A presença militar na periferia sempre significou mais violência e doutrinação dos corpos. Isso é analisado por Flavia Bischain, coordenadora da subsede Oeste do Sindicato dos Professores do Ensino Oficial do Estado de São Paulo (Apeoesp) e professora da rede pública estadual na Brasilândia, zona norte de São Paulo: “a periferia é justamente onde a polícia tem atuado com mais violência contra a juventude negra, e o que a gente viu na Alesp foi uma pequena demonstração do porque o Tarcísio quer colocar polícia nas escolas, que é para reprimir estudantes. Nitidamente tem um caráter ideológico nessa atuação, inclusive pensando nas eleições, para satisfazer a sua base eleitoral”.
Para especialistas, jovens vulneráveis, que estão constantemente na mira militar, não terão ganho ao conviver diariamente com a doutrina e a supervisão militar, assim como não haverá ganhos à comunidade.
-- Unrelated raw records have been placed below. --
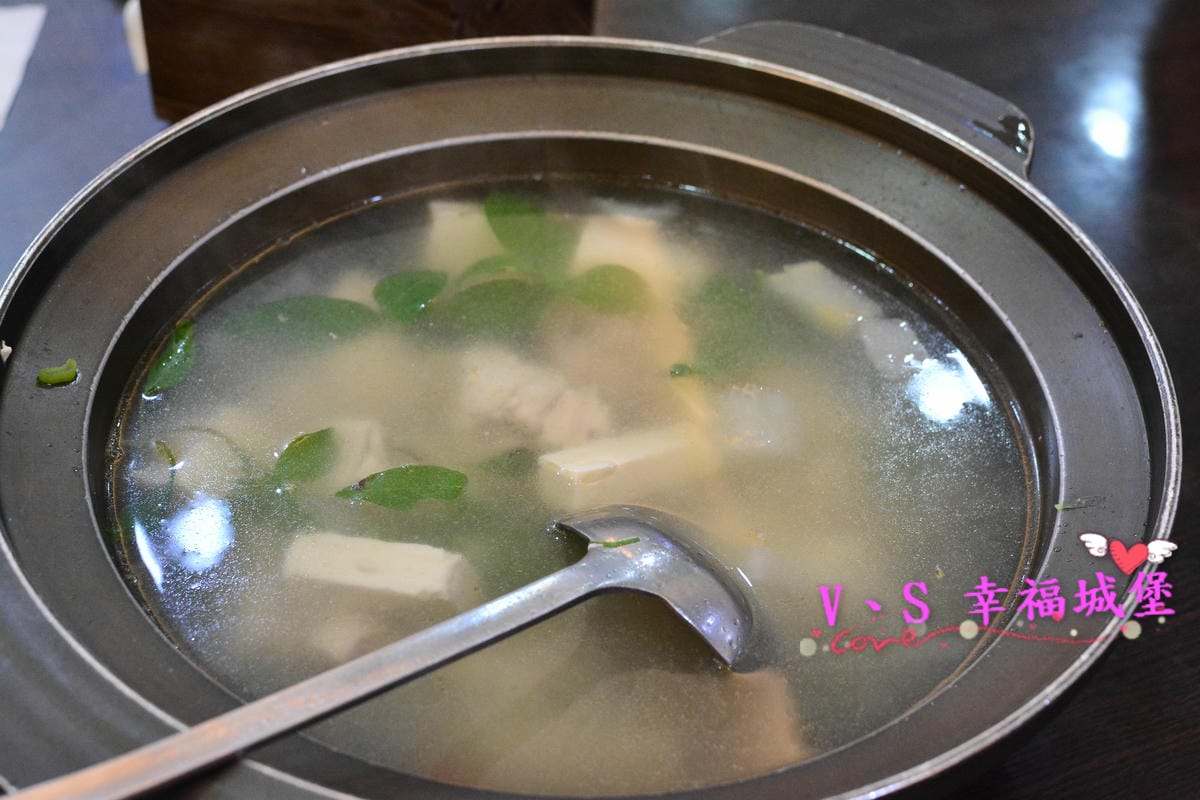 DSC_5851.JPG DSC_5851.JPG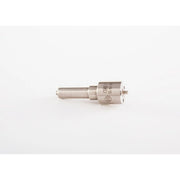 Bosch Diesel Injector Nozzle Tip 0 433 171 436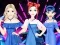 游戏Denim Dress Fashion在线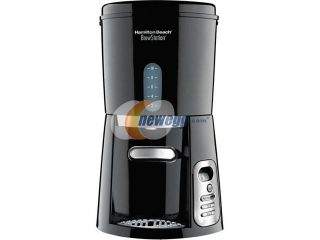 BrewStation? 10 Cup Dispensing Coffeemaker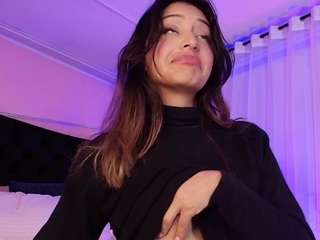 sofly-s camsoda stream image, 17.02.2025 17:50
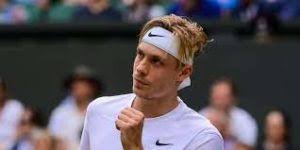 View ivan shapovalov's profile on linkedin, the world's largest professional community. Denis Shapovalov Net Worth 2020 Salary Age Height Weight Bio Family Career Wiki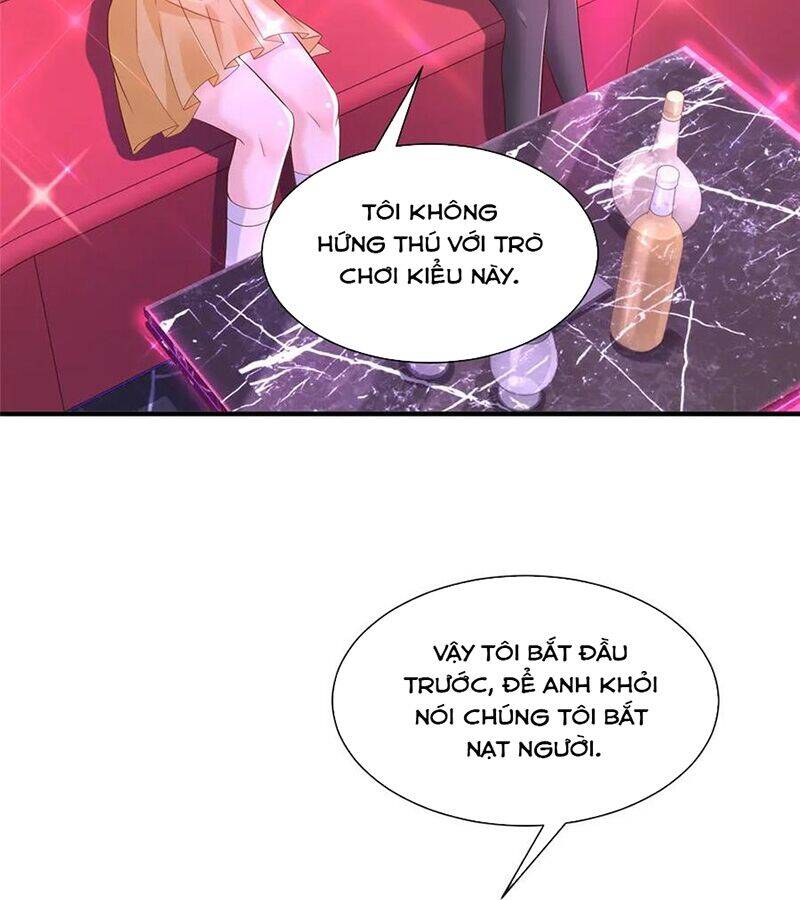 Trang 27
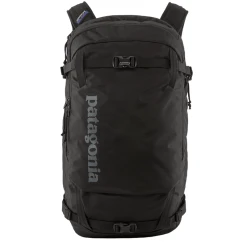 Patagonia Snowdrifter 30L Pack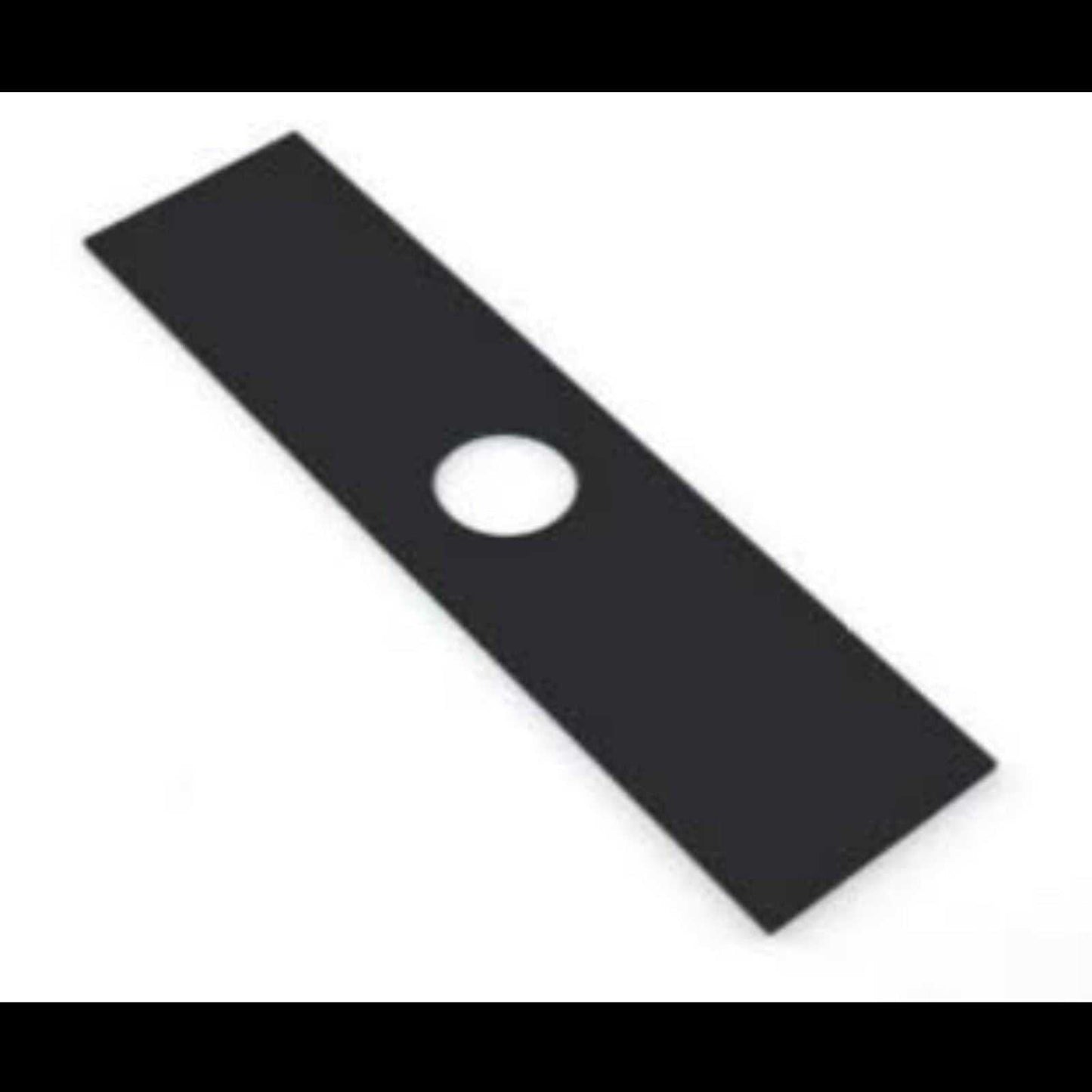 Box of 50 Stens Edger Blade 375-364 Echo 69601552632 with free shipping icon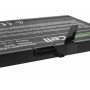 Batteria 357F9 per Dell Inspiron 15 5576 5577 7557 7559 7566 7567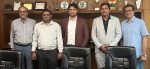 Talking to Siddharth Kejriwal Parksons | Talking to Siddharth Kejriwal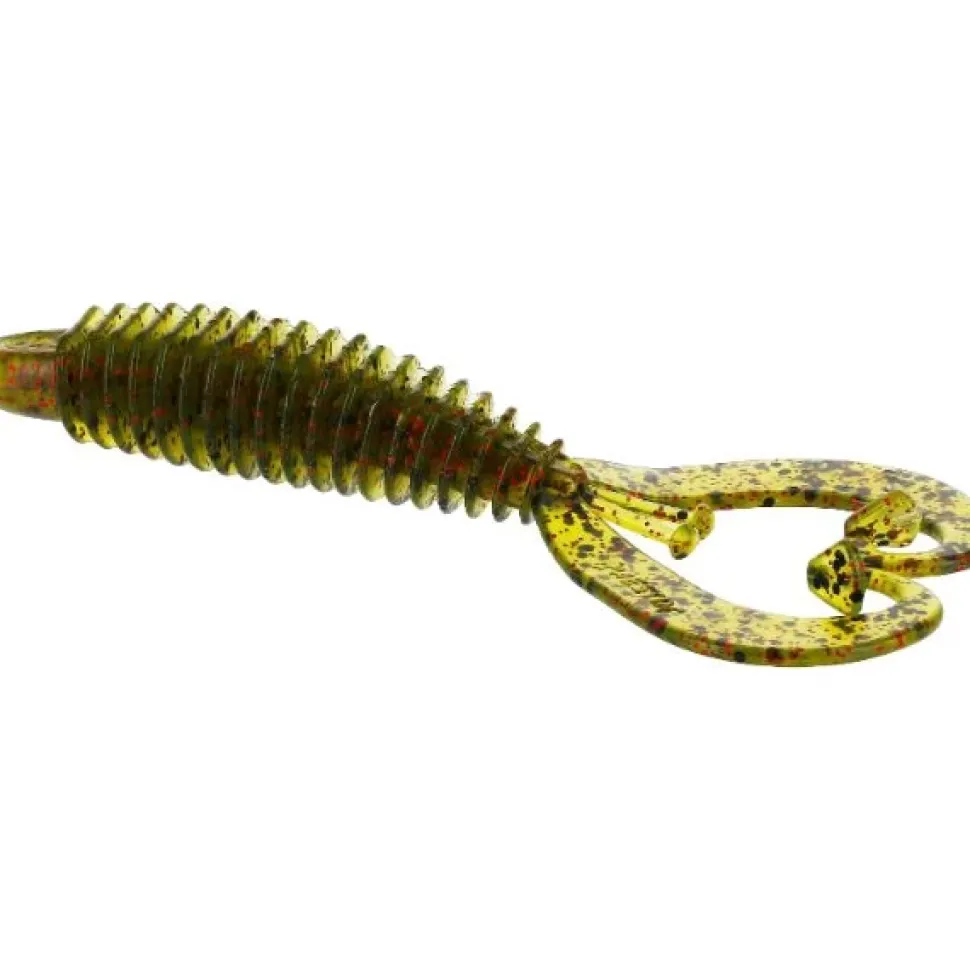 Westin RingCraw 9cm Junebug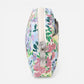 Mini Cosmetic Pocket Meadow Print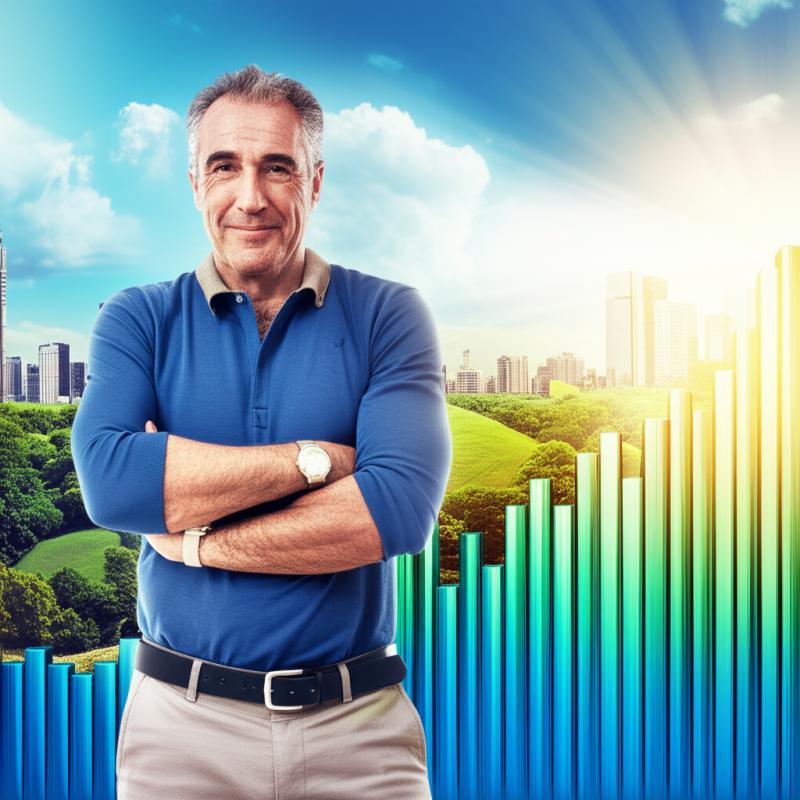 40+? Pare de Sabotar Seus Ganhos Urgente (Guia Definitivo)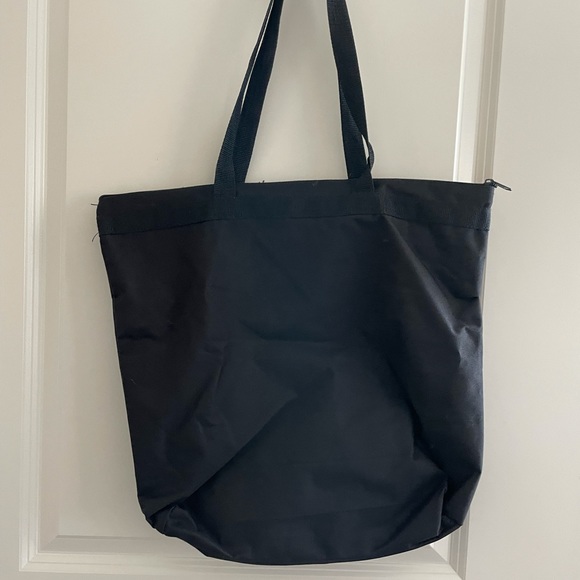 Alpha Omicron Pi tote bag ✨ - Picture 4 of 4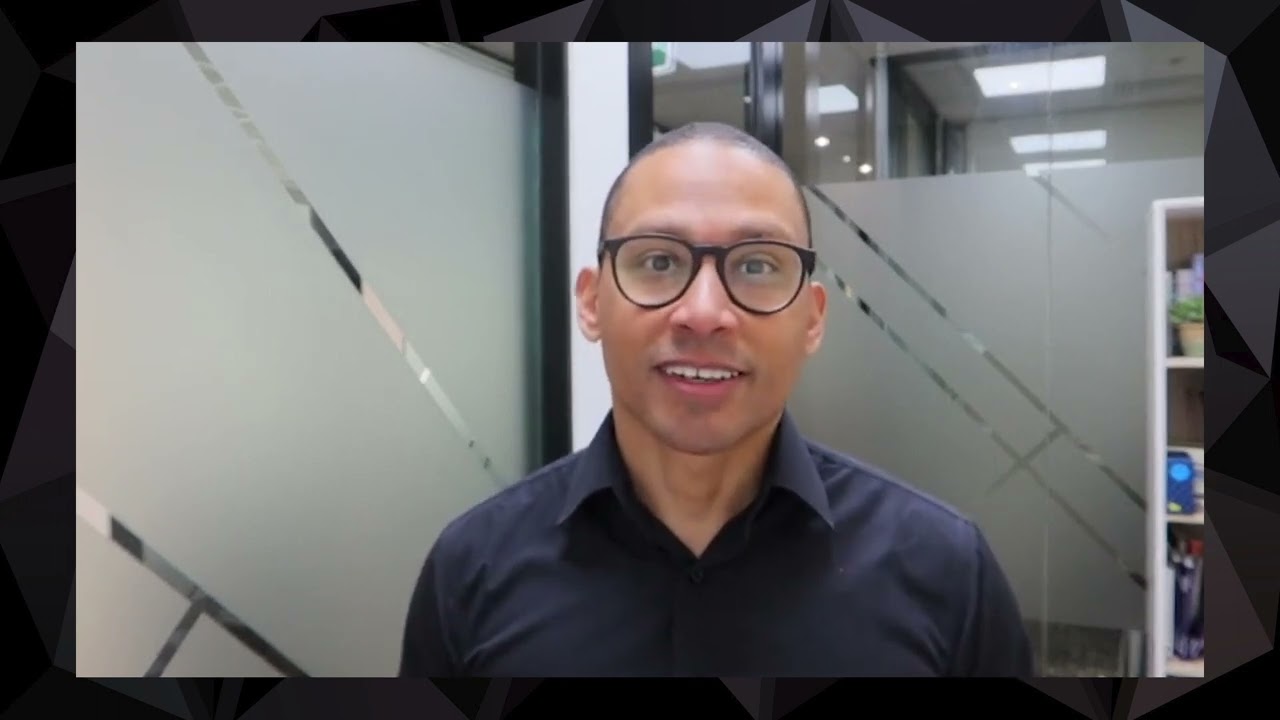 Leadership for New Leaders - Course Overview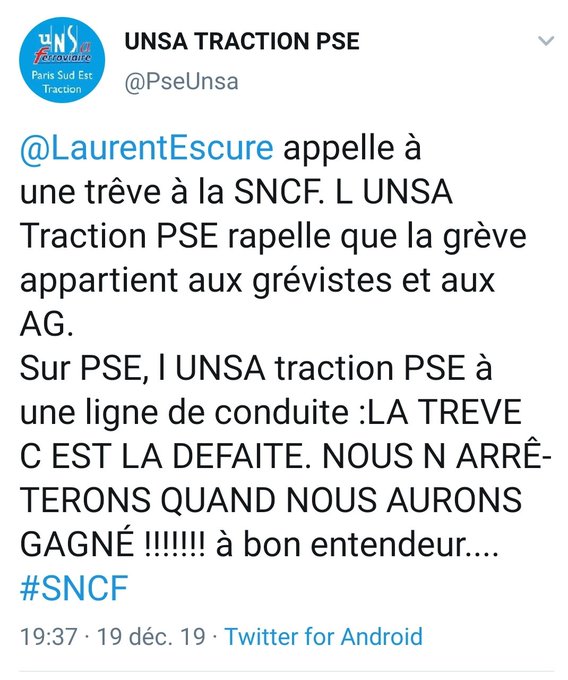 Voir l'image sur Twitter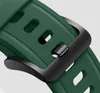 Xiaomi Watch S1 Active Strap Green 22 mm Náhľad obrázku produktu 6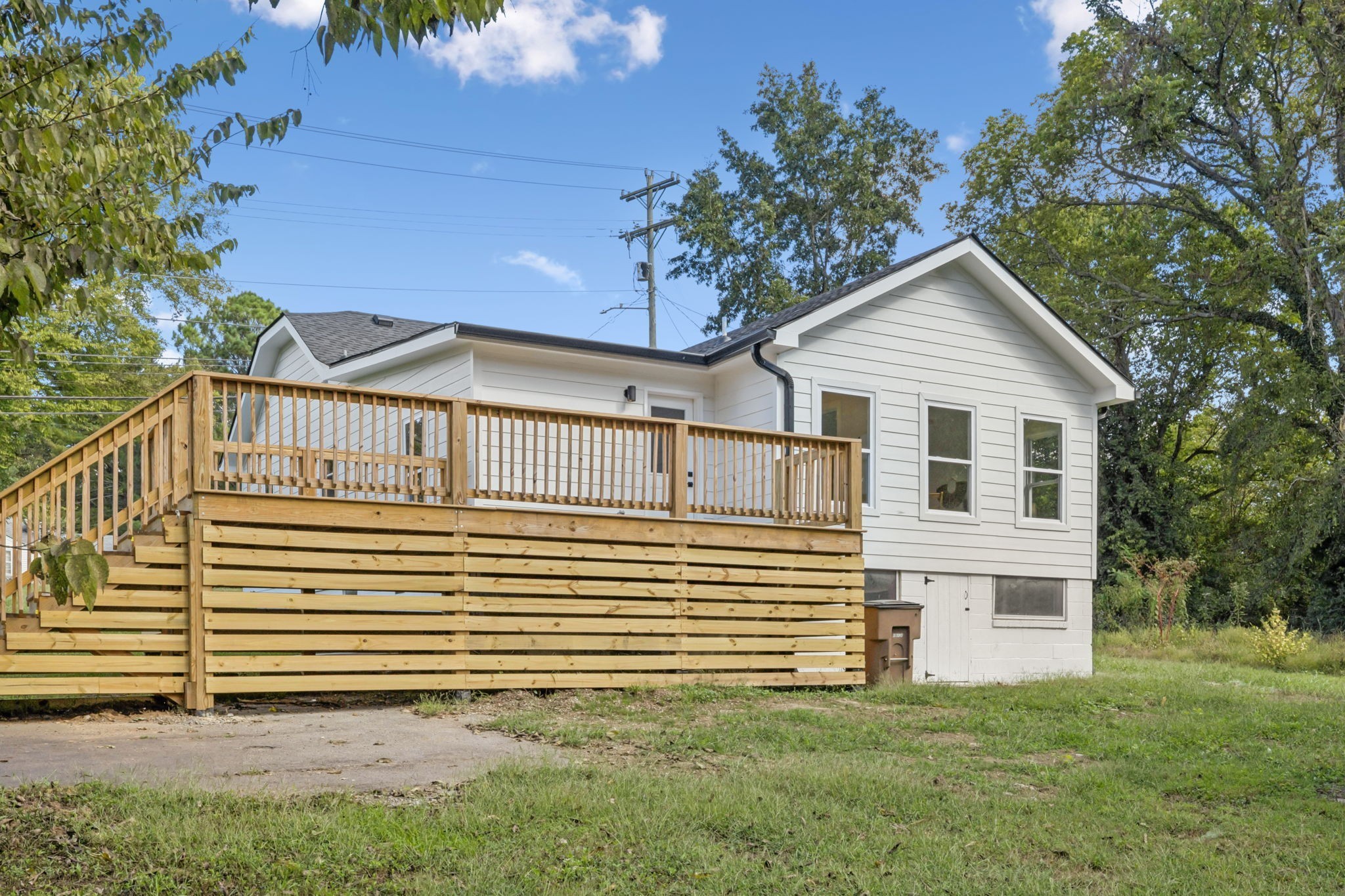 923 Currey Road Nashville, TN 37217 - Photo 38 of 39 Gallery Image 38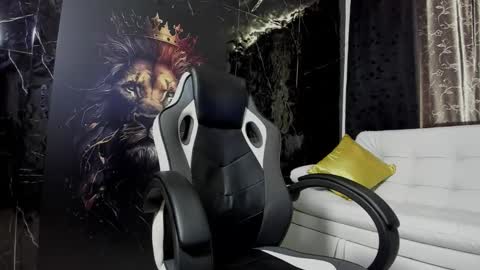 litoxxx_cass online show from 12-20-25, 03:08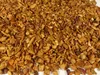 Apfeltee Naturideen® 100g Produktbild-Vorschau 1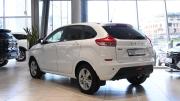 Lada (ВАЗ) XRAY I Уфа  - изображение 21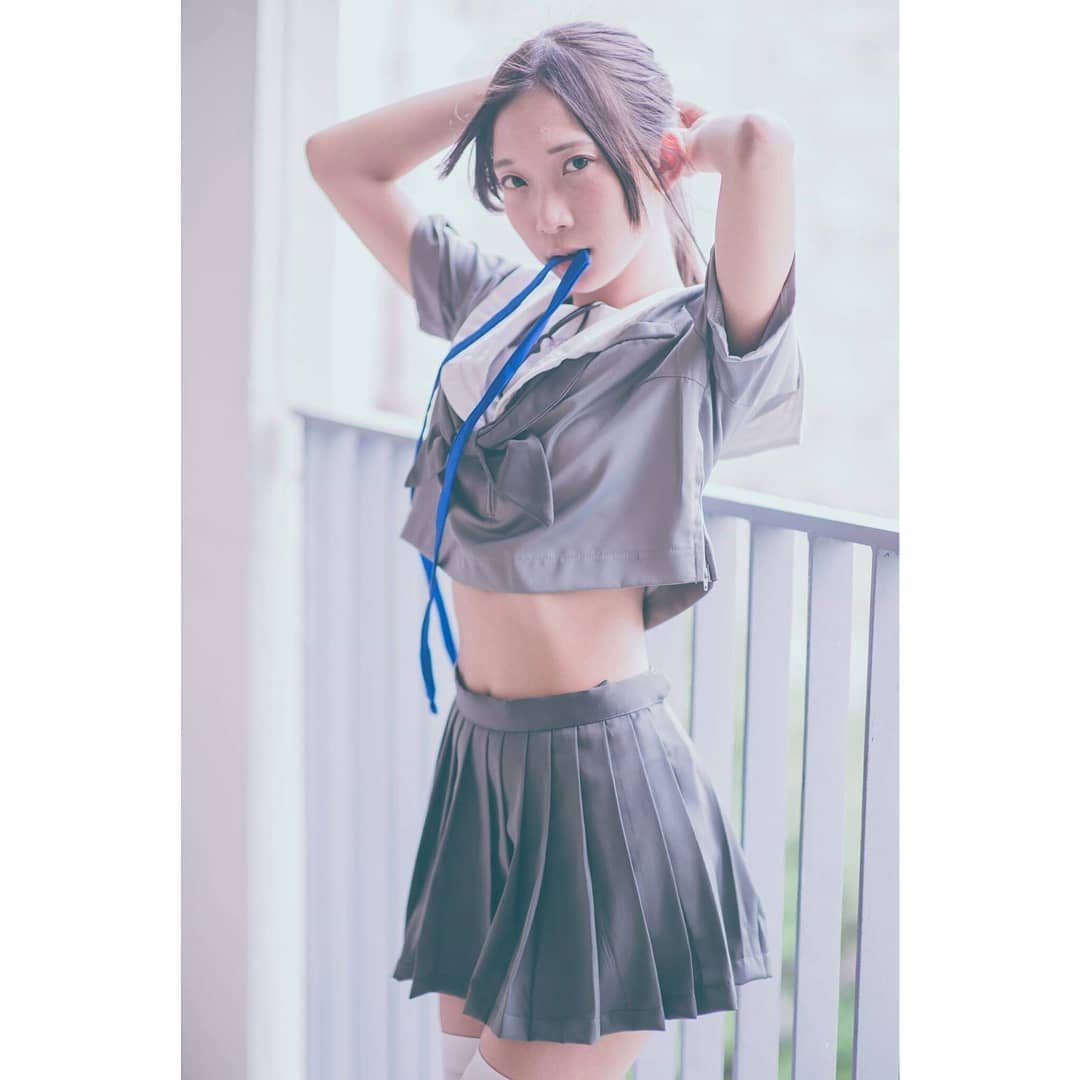 photo-762281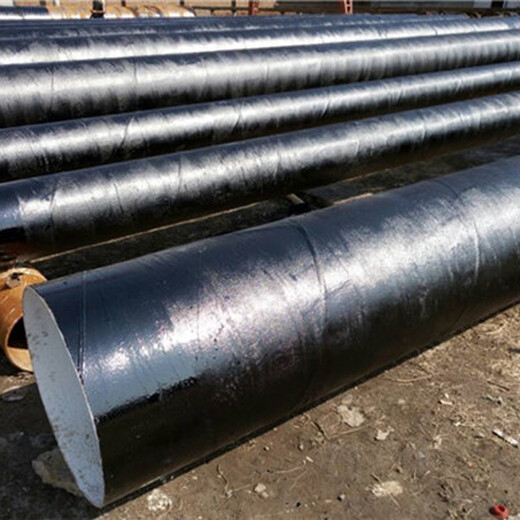 连云港DN保温钢管价格%厂家（每米多少钱）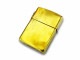 ��galcia/���륷���ۡߡ�GANGSTERVILLE/����󥰥������ӥ�ۡ�Devil Brass Zippo/�ǥӥ�֥饹���åݡ�(GSG-ZP002B)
Pelo contrário, a expectativa é de que isso amplie as violações de direitos para um local onde elas, até agora, não costumavam ocorrer de maneira sistemática: o ambiente escolar. Fábia explora a lógica da medida: “é a polícia, que comete a violência contra os estudantes que estão em um país democrático manifestando a sua discordância, que é truculenta, que é violenta e que violenta essa juventude, que vai cuidar da educação dessa juventude. Não parece, no mínimo, contraditório?”.
Por que os professores resistem tanto a esse sistema?
Professores e organizações que os representam se opõem ao sistema cívico-militar porque o modelo reduz o papel social da escola pública, ao transformar o ambiente aberto a questionamentos e discussão em um local de submissão a regramentos e disciplina hierarquizada. Isso afeta os jovens estudantes, mas, como pontua Fábia, também os profissionais da educação, que passam a habitar um ambiente em que o silêncio e a censura afetam a todos.
Há também a desvalorização profissional. Em São Paulo, por exemplo, a nova lei prevê, aos militares da reserva que atuarão no interior das escolas, uma verba de gratificação de R$ 5.692,40 ao mês, considerando jornadas de 40 horas semanais. Esse valor será acrescido de 50% se o membro da reserva militar tiver patente de coordenador ou oficial, e se somará aos demais vencimentos do militar. Aos professores, o piso da categoria é de R$ 4.633,44.
Sem formação que os prepare para o trato com crianças e adolescentes, militares receberão mais do que professores para levar, às periferias, a lógica militar. Souza é claro sobre o motivo: “esse é mais um exemplo da conta que nós estamos pagando por termos feito uma transição democrática mal-feita, inacabada. Nós não resolvemos o passado ditatorial e a ditadura está cada vez mais presente na nossa vida, produzindo efeito e mostrando as suas garras. A escola cívico-militar é uma delas”.